Bernoulli Distribution

Used to represent the distribution of a binary outcome. For example, tossing a coin.

  1. y = 1 <- ‘heads’ $P(y=1) = \theta$
  2. y = 0 <- ‘tails’ $P(y=0) = 1 - \theta$

PMF is defined as: $P(y | \theta) = \theta$ if $y = 1$ $P(y | \theta) = 1 - \theta$ if $y = 0$

Binomial Distributions

Used to represent the distribution of a repeated binary outcome.

Bernoulli is a special case of a binomial distribution.

PMF will be defined as: $P(S | N, \theta) = \frac{N!}{S!(N-S)!}\theta^s(1-\theta)^{N-S}$

Categorical Distribution (aka Multinulli)

Generalizes the Bernoulli distribution to more than two possible outcomes.
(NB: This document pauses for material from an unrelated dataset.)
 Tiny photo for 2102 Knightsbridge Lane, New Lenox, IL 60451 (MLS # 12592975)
Ex: Like rolling a C-sided die, where C > 2.

Multinomial Distribution

Generalizes the categorical distribution to N > 1. Suppose we roll a C-sided die N times, S represent C-dimensional vector that keeps track of how many times each side comes up. What is the probability of getting a particular vector S?
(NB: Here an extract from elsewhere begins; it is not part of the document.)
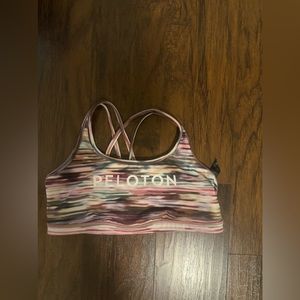 Peloton strappy sports bra size large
  • The distribution of S is given by the multinomial distribution S ~ $Mu(s | N, \theta) = \frac{N!}{S_1!S_2!…S_C!} * (\theta_1)^{S_1}…*(\theta)^{S_c}$

NOTE: Theta here is a vector.

Gaussian Distribution (aka Normal)

It is the most commonly used distribution in statistics and machine learning. Its Probability Density Function (PDF) is given by:

$\mathcal{N}(y|\mu, \sigma^2) = \frac{1}{\sqrt{2\pi\sigma^2}} * e^{-\frac{1}{2\sigma^2}(y-\mu)^2}$

Where:

  1. $\mu$ = Mean
  2. $\sigma^2$ = Variance of the distribution
  3. $\sqrt{2\pi\sigma^2}$ = the normalization constant that ensures the density integrates to 1
  • SPECIAL CASE: If $\mu = 0$, $\sigma^2 = 1$ (where std dev = 1), it is the Standard Gaussian Distribution The more variant in the distribution = more wide the curve will be. Narrowness indicates data will reside in a range of numbers.

Don’t need to memorize the formula; however, you need to know how it works.

Multiveriate Gaussian Distribution

Covariance

It measures the degree to which two random variables are linearly related. Cov[x,y] = ${\mathbb{E}[(x-{\mathbb{E}[x]}) * (y-{\mathbb{E}[y]})]}$ $= {\mathbb{E}[xy]-\mathbb{E}[x]*\mathbb{E}[y]}$

Correlation

Normalized measure of covariance.